Starting with the line that contains "Bông Tai Bạc" and stopping after the line that contains "Manta del club", return each line below exactly as written, with no others.

**DATA SUPPLIED**
━━━━

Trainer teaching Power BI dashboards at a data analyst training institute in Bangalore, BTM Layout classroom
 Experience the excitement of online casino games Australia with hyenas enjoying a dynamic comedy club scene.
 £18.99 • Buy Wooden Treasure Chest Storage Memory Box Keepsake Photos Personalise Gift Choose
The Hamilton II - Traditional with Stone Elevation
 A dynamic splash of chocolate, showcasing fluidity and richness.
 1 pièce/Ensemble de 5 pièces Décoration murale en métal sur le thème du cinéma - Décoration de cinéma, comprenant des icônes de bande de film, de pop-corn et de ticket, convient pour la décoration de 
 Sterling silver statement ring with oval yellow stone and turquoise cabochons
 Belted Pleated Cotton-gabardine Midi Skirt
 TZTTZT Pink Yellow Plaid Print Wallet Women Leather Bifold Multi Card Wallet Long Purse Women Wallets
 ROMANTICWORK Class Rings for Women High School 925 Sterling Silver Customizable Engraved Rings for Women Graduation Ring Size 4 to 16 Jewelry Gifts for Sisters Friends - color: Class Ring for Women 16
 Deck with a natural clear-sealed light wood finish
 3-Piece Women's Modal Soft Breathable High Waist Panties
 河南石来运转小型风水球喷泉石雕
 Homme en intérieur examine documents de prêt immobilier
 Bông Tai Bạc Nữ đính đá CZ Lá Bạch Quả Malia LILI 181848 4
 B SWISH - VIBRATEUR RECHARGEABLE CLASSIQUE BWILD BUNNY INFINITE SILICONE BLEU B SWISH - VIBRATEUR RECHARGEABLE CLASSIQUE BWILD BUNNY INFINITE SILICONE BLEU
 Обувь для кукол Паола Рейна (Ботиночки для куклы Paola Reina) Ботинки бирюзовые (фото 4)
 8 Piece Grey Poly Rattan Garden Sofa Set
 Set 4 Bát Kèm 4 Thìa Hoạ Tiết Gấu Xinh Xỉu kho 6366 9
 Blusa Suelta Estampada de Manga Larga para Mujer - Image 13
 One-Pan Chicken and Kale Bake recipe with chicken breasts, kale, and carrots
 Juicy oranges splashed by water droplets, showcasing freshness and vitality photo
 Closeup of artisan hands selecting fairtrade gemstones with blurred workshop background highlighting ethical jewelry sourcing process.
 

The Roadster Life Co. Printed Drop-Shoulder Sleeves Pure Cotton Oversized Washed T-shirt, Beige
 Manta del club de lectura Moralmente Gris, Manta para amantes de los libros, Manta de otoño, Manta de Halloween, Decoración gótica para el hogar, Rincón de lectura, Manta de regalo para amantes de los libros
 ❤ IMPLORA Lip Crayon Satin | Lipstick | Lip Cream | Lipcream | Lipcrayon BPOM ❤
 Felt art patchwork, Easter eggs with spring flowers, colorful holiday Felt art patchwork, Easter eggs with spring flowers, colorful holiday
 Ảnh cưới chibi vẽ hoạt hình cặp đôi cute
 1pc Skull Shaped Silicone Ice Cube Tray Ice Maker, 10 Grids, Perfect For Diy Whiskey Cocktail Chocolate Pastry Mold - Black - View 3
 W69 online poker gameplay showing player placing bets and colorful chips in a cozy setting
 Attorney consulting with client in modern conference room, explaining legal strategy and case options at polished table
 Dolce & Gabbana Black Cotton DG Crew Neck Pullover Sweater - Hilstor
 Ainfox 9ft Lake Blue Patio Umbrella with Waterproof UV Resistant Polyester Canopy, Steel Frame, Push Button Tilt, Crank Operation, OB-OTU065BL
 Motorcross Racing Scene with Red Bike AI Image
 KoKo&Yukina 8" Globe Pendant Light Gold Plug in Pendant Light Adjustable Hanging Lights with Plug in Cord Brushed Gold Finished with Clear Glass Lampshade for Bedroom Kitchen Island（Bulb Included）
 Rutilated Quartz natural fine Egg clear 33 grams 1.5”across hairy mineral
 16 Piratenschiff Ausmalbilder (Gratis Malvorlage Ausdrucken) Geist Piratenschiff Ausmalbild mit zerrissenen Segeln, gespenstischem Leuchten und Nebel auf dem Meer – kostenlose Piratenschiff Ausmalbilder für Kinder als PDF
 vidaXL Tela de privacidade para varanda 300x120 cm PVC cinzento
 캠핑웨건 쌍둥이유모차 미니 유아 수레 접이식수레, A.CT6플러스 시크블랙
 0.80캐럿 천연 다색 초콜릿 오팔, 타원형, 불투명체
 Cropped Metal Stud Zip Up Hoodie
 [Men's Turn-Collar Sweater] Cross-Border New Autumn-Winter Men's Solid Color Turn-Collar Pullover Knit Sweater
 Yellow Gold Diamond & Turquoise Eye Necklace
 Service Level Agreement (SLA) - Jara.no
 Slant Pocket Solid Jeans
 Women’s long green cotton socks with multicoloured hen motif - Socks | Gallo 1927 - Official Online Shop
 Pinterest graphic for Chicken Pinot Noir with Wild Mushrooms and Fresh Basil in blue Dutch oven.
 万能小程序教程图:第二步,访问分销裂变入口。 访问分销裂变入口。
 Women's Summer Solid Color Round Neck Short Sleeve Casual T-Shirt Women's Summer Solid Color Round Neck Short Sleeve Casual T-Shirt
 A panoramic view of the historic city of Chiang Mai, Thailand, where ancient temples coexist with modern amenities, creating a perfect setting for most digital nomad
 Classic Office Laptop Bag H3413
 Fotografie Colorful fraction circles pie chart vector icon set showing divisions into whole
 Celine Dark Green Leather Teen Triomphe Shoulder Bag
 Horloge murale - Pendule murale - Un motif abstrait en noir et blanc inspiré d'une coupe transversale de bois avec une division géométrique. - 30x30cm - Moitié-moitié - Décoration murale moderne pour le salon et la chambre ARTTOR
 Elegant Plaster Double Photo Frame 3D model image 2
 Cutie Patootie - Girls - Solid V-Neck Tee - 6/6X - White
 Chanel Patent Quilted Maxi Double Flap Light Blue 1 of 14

━━━━

**TASK ANSWER**
 Bông Tai Bạc Nữ đính đá CZ Lá Bạch Quả Malia LILI 181848 4
 B SWISH - VIBRATEUR RECHARGEABLE CLASSIQUE BWILD BUNNY INFINITE SILICONE BLEU B SWISH - VIBRATEUR RECHARGEABLE CLASSIQUE BWILD BUNNY INFINITE SILICONE BLEU
 Обувь для кукол Паола Рейна (Ботиночки для куклы Paola Reina) Ботинки бирюзовые (фото 4)
 8 Piece Grey Poly Rattan Garden Sofa Set
 Set 4 Bát Kèm 4 Thìa Hoạ Tiết Gấu Xinh Xỉu kho 6366 9
 Blusa Suelta Estampada de Manga Larga para Mujer - Image 13
 One-Pan Chicken and Kale Bake recipe with chicken breasts, kale, and carrots
 Juicy oranges splashed by water droplets, showcasing freshness and vitality photo
 Closeup of artisan hands selecting fairtrade gemstones with blurred workshop background highlighting ethical jewelry sourcing process.
 

The Roadster Life Co. Printed Drop-Shoulder Sleeves Pure Cotton Oversized Washed T-shirt, Beige
 Manta del club de lectura Moralmente Gris, Manta para amantes de los libros, Manta de otoño, Manta de Halloween, Decoración gótica para el hogar, Rincón de lectura, Manta de regalo para amantes de los libros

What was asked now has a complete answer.